Income thresholds a more pressing problem, says Mortgage Choice franchise owner

Labor Treasurer Jim Chalmers’ plan to upend how student debt plays into first-home buyers’ serviceability requirements received a mixed response this week.
Although everyone – even the opposition – agreed that it was a commonsense approach to helping those with student debt on to the housing ladder, others voiced criticisms that it was a vote-grabber with little tangible impact.
The new proposals will persuade banks to put aside borrowers’ existing student debt when applying responsible lending rules, which should theoretically increase borrowers’ lending power.
However, the scope of the proposals is unclear, with the assumption being that only those whose debts are nearing the end of their life cycle will benefit.
Some commentators said the proposals avoid the real issues facing FHBs.
Peter White, from the Finance Brokers Association of Australia (FBAA), for instance, explained how “the current 3% mortgage serviceability buffer is one of the largest obstacles in the assessment process and is preventing thousands of Australians from purchasing a home and forcing thousands more to remain in 'mortgage prison' unable to refinance”.
The LNP opposition has a similar stance on the 3% buffer.
To get the broker-side view of the issue, MPA caught up with James Algar (pictured, second from left), a franchise owner at Mortgage Choice, to discuss the matter.
A faulty system
“There’s no doubt HECS debt and mandatory repayments to what they’re earning is a significant imposition to people’s borrowing capacity,” said Algar.
Some would, therefore, argue that banks should reasonably be allowed to consider HECS obligations when assessing your borrowing capacity, given it is money that does not enter your bank account.
But there are valid arguments against this.
“(The banks) are making a decision on (a borrower’s) ability to pay for the next 30 years, based on something that’s definitely not going to be there in the short term,” said Algar. In other words, short-term HECS obligations are unfairly skewering an FHB’s long-term borrowing capacity.

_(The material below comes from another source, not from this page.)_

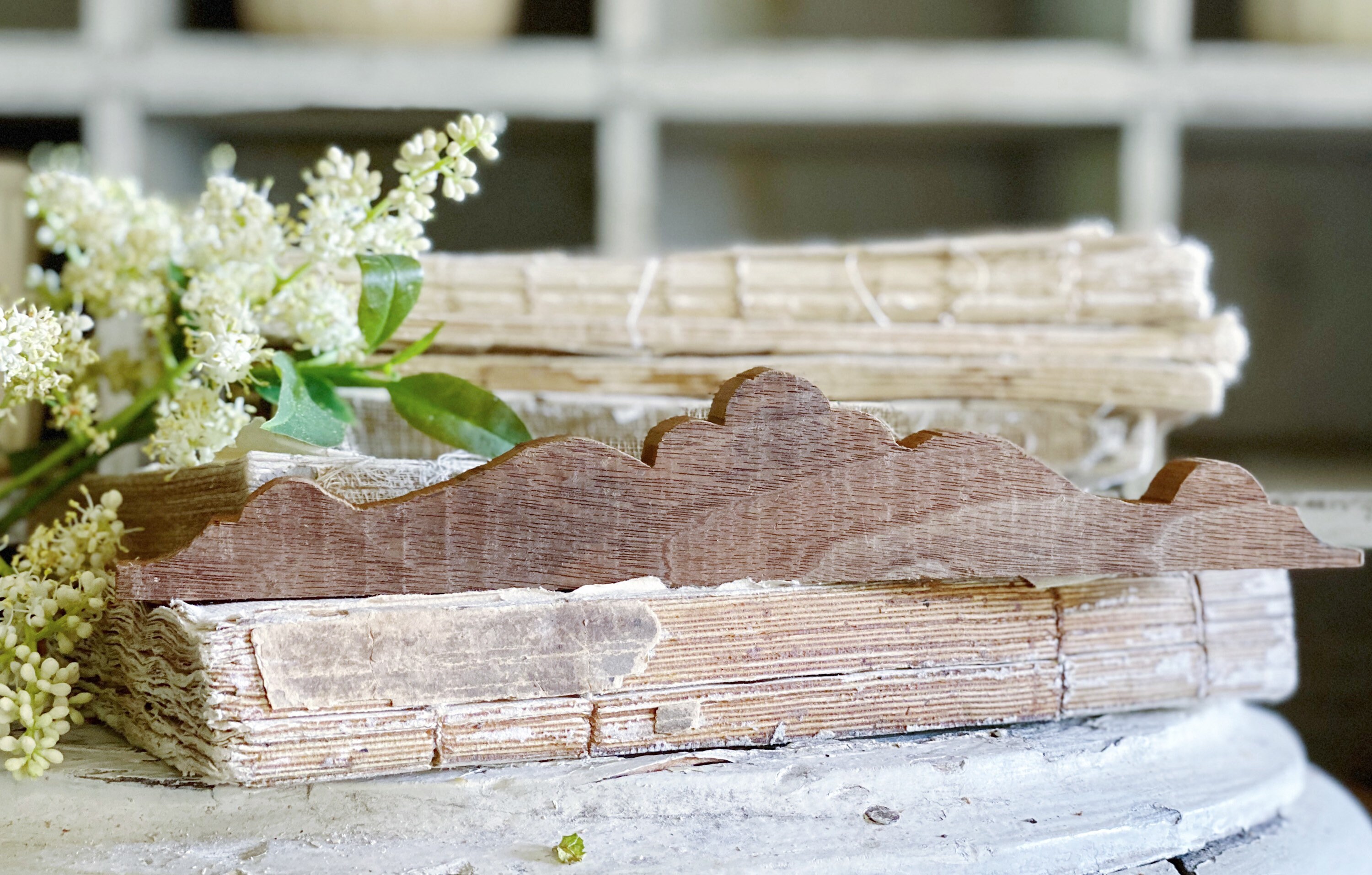 Salvaged Architectural Scallop Wood Arched Detail Reclaimed French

To combat this, Algar often advises FHBs to use a portion of their deposit to pay down the remainder of their HECS, if it makes sense to do so. Your borrowing capacity “can be significantly higher as a result”, he said, even if it makes for a smaller deposit.

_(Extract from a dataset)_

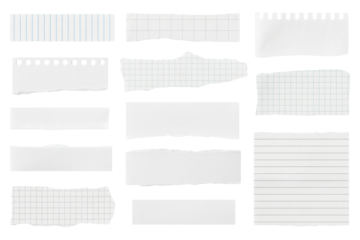 Torn paper pieces with various textures, perfect for adding a raw, authentic feel to any creative project, ideal for design elements.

He described a situation involving a borrower with $90,000 income, $10,000 in remaining HECS, and monthly mandatory HECS repayments of around $375. Taking $10,000 out of the borrower’s deposit to pay down their HECS resulted in a $60,000 increase in their buying power.
It highlights the inadequacy of the current system – a $10,000 debt obligation, which, mind you, does not have variable interest rate complications, can drastically alter your long-term borrowing capacity.

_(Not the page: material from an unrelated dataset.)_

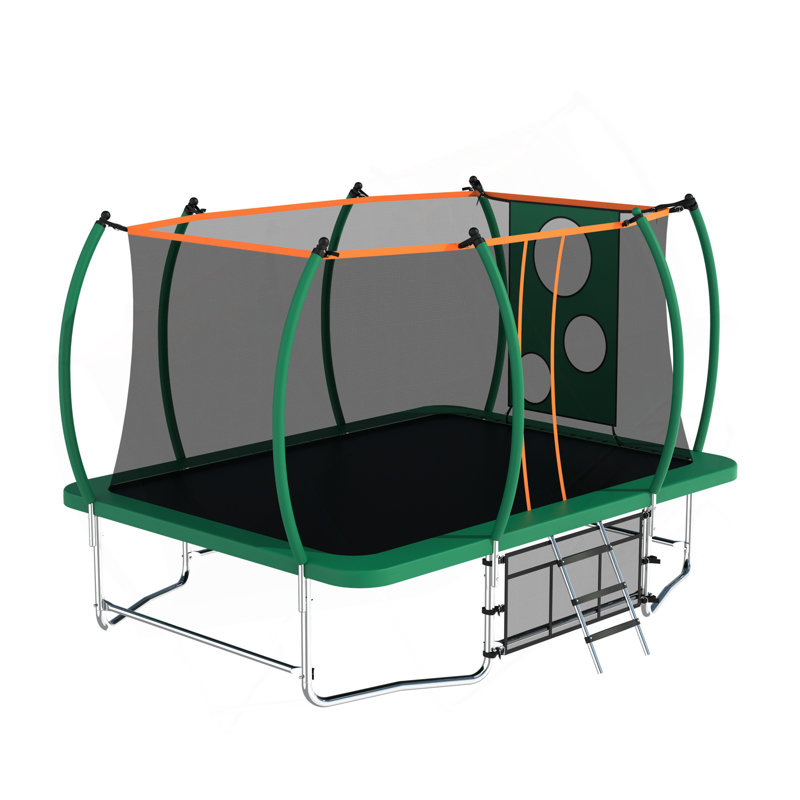Longue trampoline rectangulaire extérieure pour adultes 8X14FT, Vert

Unfortunately, fiscal drag throws up another complication for borrowers. With wage growth thankfully growing, more and more young professionals are being dragged into higher income brackets, therefore increasing their monthly HECS obligations.
This can make “a huge, huge change in your borrowing capacity”, said Algar. He cited an instance where an FHB’s borrowing capacity was reduced by $100,000 after moving into a higher income bracket.
Benefitting first-home buyers
The point is, lifting HECS payment thresholds would likely be a far greater benefit for aspiring FHBs than marginal changes to the banks’ serviceability policies.
These thresholds “are not keeping pace with the wage growth”, said Algar. “We’re seeing nurses, teachers and police officers, almost in every case they’re earning over $100,000. We’re trying to say we’re supporting these key workers but we’re still expecting them to pay a larger and larger slice of their wages back to HECS.”
Algar’s comments reflect the broader sentiment around Chalmers’ bright idea – a no brainer, but one that fails to properly address home loan affordability.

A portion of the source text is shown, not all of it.